Caption-style text data:
--- START ---

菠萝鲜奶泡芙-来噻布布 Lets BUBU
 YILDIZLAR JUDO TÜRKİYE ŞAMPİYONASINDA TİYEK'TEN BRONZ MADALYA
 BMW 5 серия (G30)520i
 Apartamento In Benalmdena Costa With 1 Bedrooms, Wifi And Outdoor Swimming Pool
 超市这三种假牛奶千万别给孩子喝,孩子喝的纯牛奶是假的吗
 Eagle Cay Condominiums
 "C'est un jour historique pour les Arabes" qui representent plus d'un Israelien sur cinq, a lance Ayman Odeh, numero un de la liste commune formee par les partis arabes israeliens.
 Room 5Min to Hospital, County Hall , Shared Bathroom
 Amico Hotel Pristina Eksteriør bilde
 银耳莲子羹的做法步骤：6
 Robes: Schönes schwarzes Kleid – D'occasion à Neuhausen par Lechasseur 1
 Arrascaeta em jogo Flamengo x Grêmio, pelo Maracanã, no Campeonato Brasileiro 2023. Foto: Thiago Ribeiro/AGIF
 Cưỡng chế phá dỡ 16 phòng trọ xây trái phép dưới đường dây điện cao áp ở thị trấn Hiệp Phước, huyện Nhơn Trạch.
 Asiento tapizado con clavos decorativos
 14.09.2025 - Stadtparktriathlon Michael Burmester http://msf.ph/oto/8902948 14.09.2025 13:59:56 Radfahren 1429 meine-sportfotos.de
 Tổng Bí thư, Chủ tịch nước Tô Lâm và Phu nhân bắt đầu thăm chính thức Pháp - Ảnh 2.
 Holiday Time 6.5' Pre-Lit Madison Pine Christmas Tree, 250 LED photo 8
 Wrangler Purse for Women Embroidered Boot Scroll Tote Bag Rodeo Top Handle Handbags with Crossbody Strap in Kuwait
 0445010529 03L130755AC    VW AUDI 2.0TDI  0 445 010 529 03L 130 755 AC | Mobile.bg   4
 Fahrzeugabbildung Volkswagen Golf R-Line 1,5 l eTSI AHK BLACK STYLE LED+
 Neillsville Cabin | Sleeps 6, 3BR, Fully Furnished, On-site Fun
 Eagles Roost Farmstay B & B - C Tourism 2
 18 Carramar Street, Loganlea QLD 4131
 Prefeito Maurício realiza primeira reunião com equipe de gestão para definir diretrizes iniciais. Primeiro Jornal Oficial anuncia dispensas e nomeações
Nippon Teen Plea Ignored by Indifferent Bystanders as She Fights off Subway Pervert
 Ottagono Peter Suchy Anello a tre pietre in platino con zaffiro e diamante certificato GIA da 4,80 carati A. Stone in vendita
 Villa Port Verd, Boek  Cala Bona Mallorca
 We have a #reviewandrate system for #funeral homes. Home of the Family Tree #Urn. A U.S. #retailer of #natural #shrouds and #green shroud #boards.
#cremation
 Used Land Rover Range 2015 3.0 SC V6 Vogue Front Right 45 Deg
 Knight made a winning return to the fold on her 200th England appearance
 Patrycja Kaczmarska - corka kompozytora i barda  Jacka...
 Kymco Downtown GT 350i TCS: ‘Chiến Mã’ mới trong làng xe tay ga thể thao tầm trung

--- END ---

▶ EXERCISE DIRECTIONS: Copy every line of the records above exactly.

▶ RESPONSE TO THE EXERCISE:
菠萝鲜奶泡芙-来噻布布 Lets BUBU
 YILDIZLAR JUDO TÜRKİYE ŞAMPİYONASINDA TİYEK'TEN BRONZ MADALYA
 BMW 5 серия (G30)520i
 Apartamento In Benalmdena Costa With 1 Bedrooms, Wifi And Outdoor Swimming Pool
 超市这三种假牛奶千万别给孩子喝,孩子喝的纯牛奶是假的吗
 Eagle Cay Condominiums
 "C'est un jour historique pour les Arabes" qui representent plus d'un Israelien sur cinq, a lance Ayman Odeh, numero un de la liste commune formee par les partis arabes israeliens.
 Room 5Min to Hospital, County Hall , Shared Bathroom
 Amico Hotel Pristina Eksteriør bilde
 银耳莲子羹的做法步骤：6
 Robes: Schönes schwarzes Kleid – D'occasion à Neuhausen par Lechasseur 1
 Arrascaeta em jogo Flamengo x Grêmio, pelo Maracanã, no Campeonato Brasileiro 2023. Foto: Thiago Ribeiro/AGIF
 Cưỡng chế phá dỡ 16 phòng trọ xây trái phép dưới đường dây điện cao áp ở thị trấn Hiệp Phước, huyện Nhơn Trạch.
 Asiento tapizado con clavos decorativos
 14.09.2025 - Stadtparktriathlon Michael Burmester http://msf.ph/oto/8902948 14.09.2025 13:59:56 Radfahren 1429 meine-sportfotos.de
 Tổng Bí thư, Chủ tịch nước Tô Lâm và Phu nhân bắt đầu thăm chính thức Pháp - Ảnh 2.
 Holiday Time 6.5' Pre-Lit Madison Pine Christmas Tree, 250 LED photo 8
 Wrangler Purse for Women Embroidered Boot Scroll Tote Bag Rodeo Top Handle Handbags with Crossbody Strap in Kuwait
 0445010529 03L130755AC    VW AUDI 2.0TDI  0 445 010 529 03L 130 755 AC | Mobile.bg   4
 Fahrzeugabbildung Volkswagen Golf R-Line 1,5 l eTSI AHK BLACK STYLE LED+
 Neillsville Cabin | Sleeps 6, 3BR, Fully Furnished, On-site Fun
 Eagles Roost Farmstay B & B - C Tourism 2
 18 Carramar Street, Loganlea QLD 4131
 Prefeito Maurício realiza primeira reunião com equipe de gestão para definir diretrizes iniciais. Primeiro Jornal Oficial anuncia dispensas e nomeações
Nippon Teen Plea Ignored by Indifferent Bystanders as She Fights off Subway Pervert
 Ottagono Peter Suchy Anello a tre pietre in platino con zaffiro e diamante certificato GIA da 4,80 carati A. Stone in vendita
 Villa Port Verd, Boek  Cala Bona Mallorca
 We have a #reviewandrate system for #funeral homes. Home of the Family Tree #Urn. A U.S. #retailer of #natural #shrouds and #green shroud #boards.
#cremation
 Used Land Rover Range 2015 3.0 SC V6 Vogue Front Right 45 Deg
 Knight made a winning return to the fold on her 200th England appearance
 Patrycja Kaczmarska - corka kompozytora i barda  Jacka...
 Kymco Downtown GT 350i TCS: ‘Chiến Mã’ mới trong làng xe tay ga thể thao tầm trung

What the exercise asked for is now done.